For every record, give an exact copy that has no pictures in it.

=-=-=-=-=

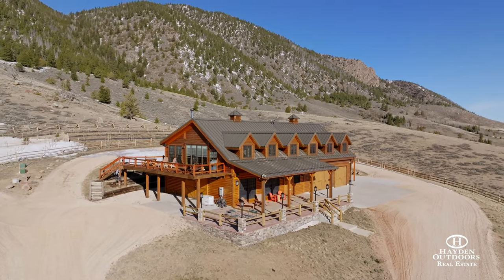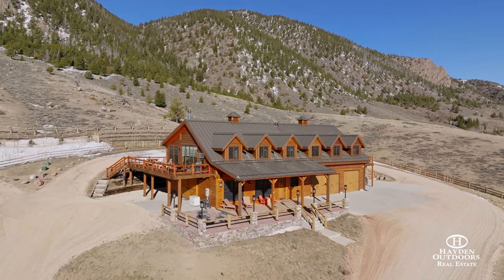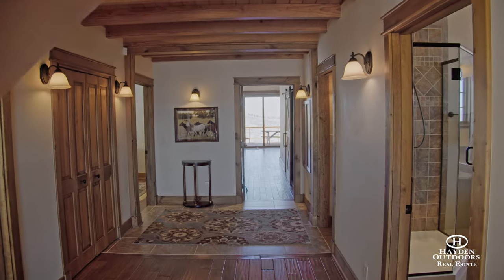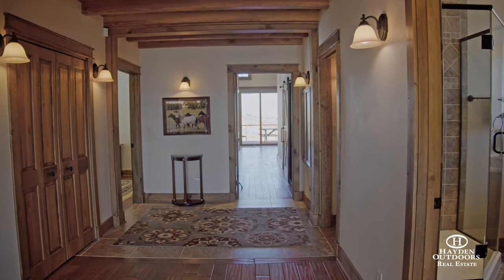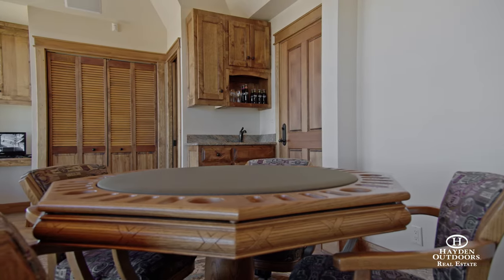The two-story home is 2,876 square feet and has everything you need for luxurious Wyoming living, including three bedrooms, two and a half bathrooms, a guest loft, an office, a game room, and a gorgeous bar and dining area.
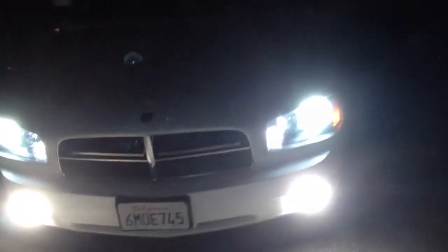We got LEDs and HIDs all the way around. These are 6K. Also, that front turn signal is white — that's the switchback LED. Super bright LED switchback.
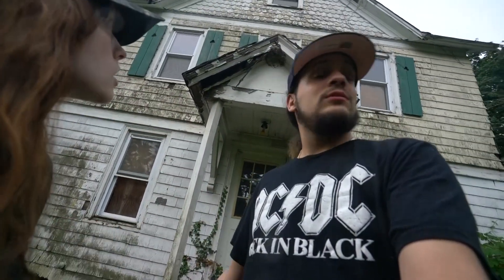We're here now at an abandoned adult home. It's been abandoned for quite over five years now. We're gonna bring you along to check out the inside. Let's go.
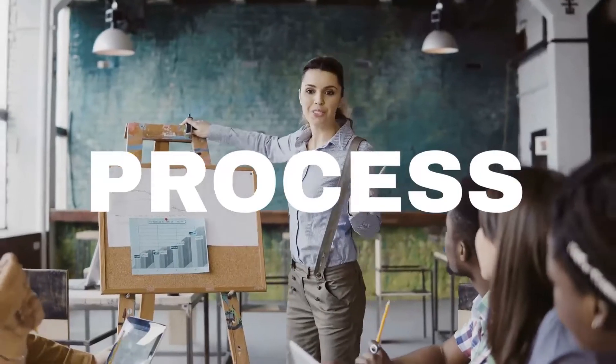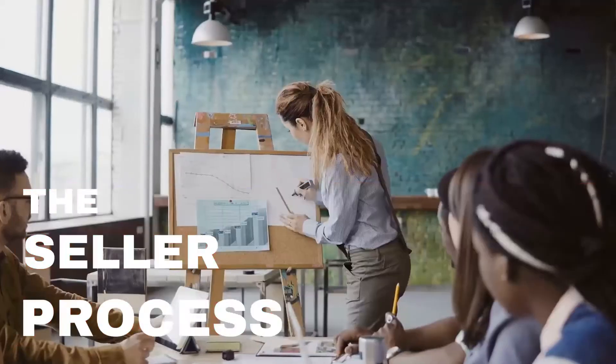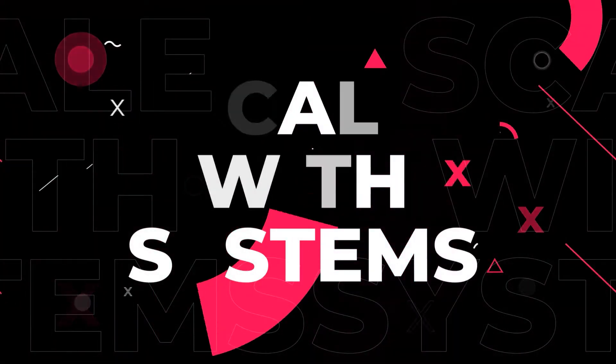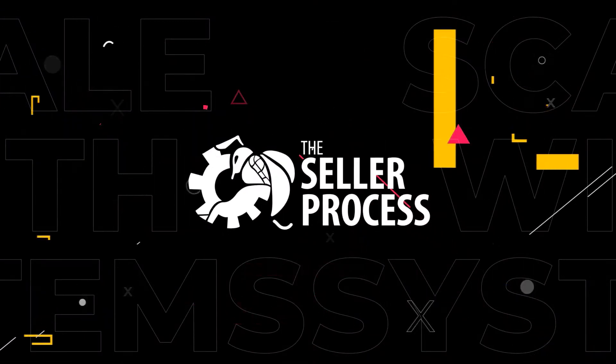This is the Seller Process Podcast, where we talk about the best systems, processes, and SOPs for your Amazon business, so that you can regain control of your time, build up your team, and scale your e-com empire.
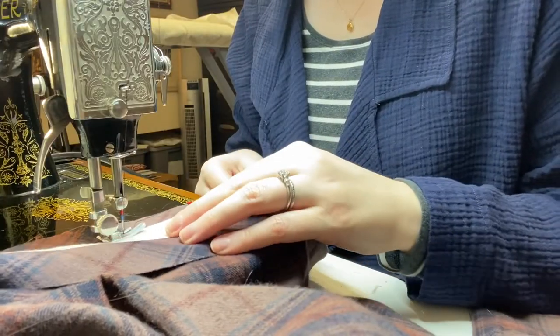My next step is to make the button plackets for the bodice, so that's what we're going to work on now.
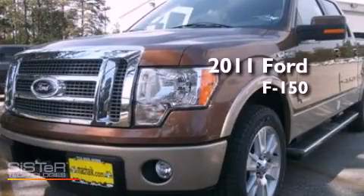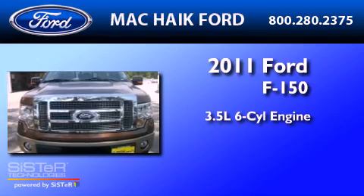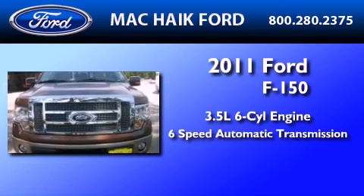This is a brand new 2011 Ford F-150. It has a 3.5-liter six-cylinder engine and a six-speed automatic transmission.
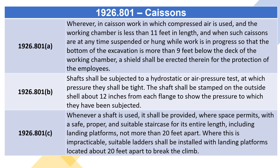1926.801. Section B: Shafts shall be subjected to a hydrostatic or air pressure test, at which pressure they shall be tight. The shaft shall be stamped on the outside shell about 12 inches from each flange to show the pressure to which they have been subjected.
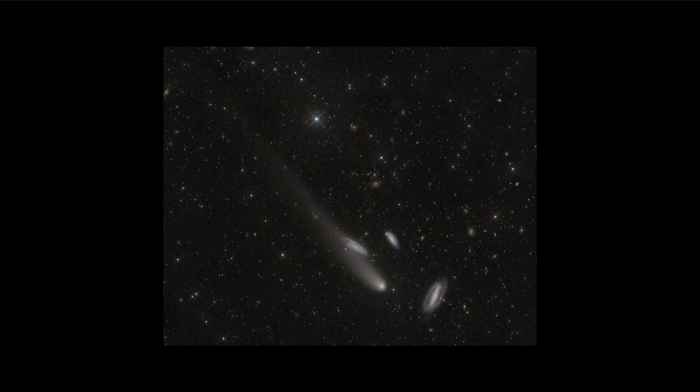However, this comet is on what we call a hyperbolic orbit, which is an open orbit. That means this was the only chance to ever see this comet. A hyperbolic orbit is open, and the comet is heading back out into the depths of space, never to return to the inner solar system again.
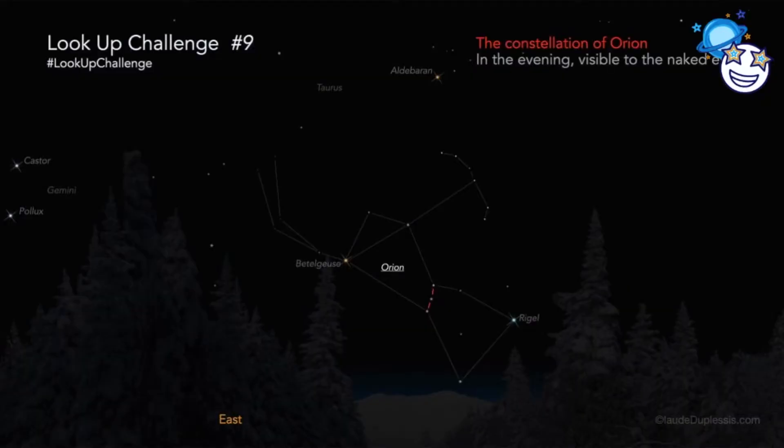You can recognize him easily by his belt drawn by three very bright stars all in a row. To find Orion, look for the shape of a large hourglass in the sky. In the evening, around 6:30pm, you'll find him a little above the horizon if you look southeast, but if you wait until after New Year's Day to observe him, he'll be even higher up in the sky in the evening, making him easier to spot.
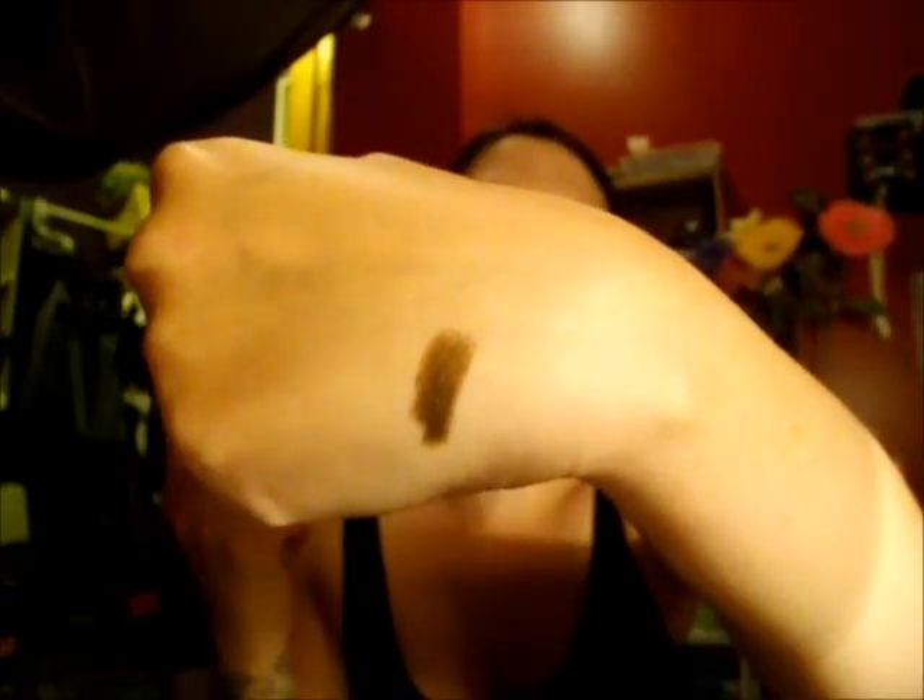Next are these E.L.F. Jumbo Eyeshadow Sticks. I got a whole bunch of these in my last haul, and I've been using this one in Forest Nymph for my eyes — just as eyeliner on top. It looks really good. It's like a dark chocolate brown. It's creamy, and it doesn't last forever, but it lasts a few hours, which is really good. It's not too harsh, and it's nice.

=-=-=-=-=

● RESULT FOR THIS TASK
The two-story home is 2,876 square feet and has everything you need for luxurious Wyoming living, including three bedrooms, two and a half bathrooms, a guest loft, an office, a game room, and a gorgeous bar and dining area.
We got LEDs and HIDs all the way around. These are 6K. Also, that front turn signal is white — that's the switchback LED. Super bright LED switchback.
We're here now at an abandoned adult home. It's been abandoned for quite over five years now. We're gonna bring you along to check out the inside. Let's go.
This is the Seller Process Podcast, where we talk about the best systems, processes, and SOPs for your Amazon business, so that you can regain control of your time, build up your team, and scale your e-com empire.
My next step is to make the button plackets for the bodice, so that's what we're going to work on now.
This is a brand new 2011 Ford F-150. It has a 3.5-liter six-cylinder engine and a six-speed automatic transmission.
1926.801. Section B: Shafts shall be subjected to a hydrostatic or air pressure test, at which pressure they shall be tight. The shaft shall be stamped on the outside shell about 12 inches from each flange to show the pressure to which they have been subjected.
However, this comet is on what we call a hyperbolic orbit, which is an open orbit. That means this was the only chance to ever see this comet. A hyperbolic orbit is open, and the comet is heading back out into the depths of space, never to return to the inner solar system again.
You can recognize him easily by his belt drawn by three very bright stars all in a row. To find Orion, look for the shape of a large hourglass in the sky. In the evening, around 6:30pm, you'll find him a little above the horizon if you look southeast, but if you wait until after New Year's Day to observe him, he'll be even higher up in the sky in the evening, making him easier to spot.
Next are these E.L.F. Jumbo Eyeshadow Sticks. I got a whole bunch of these in my last haul, and I've been using this one in Forest Nymph for my eyes — just as eyeliner on top. It looks really good. It's like a dark chocolate brown. It's creamy, and it doesn't last forever, but it lasts a few hours, which is really good. It's not too harsh, and it's nice.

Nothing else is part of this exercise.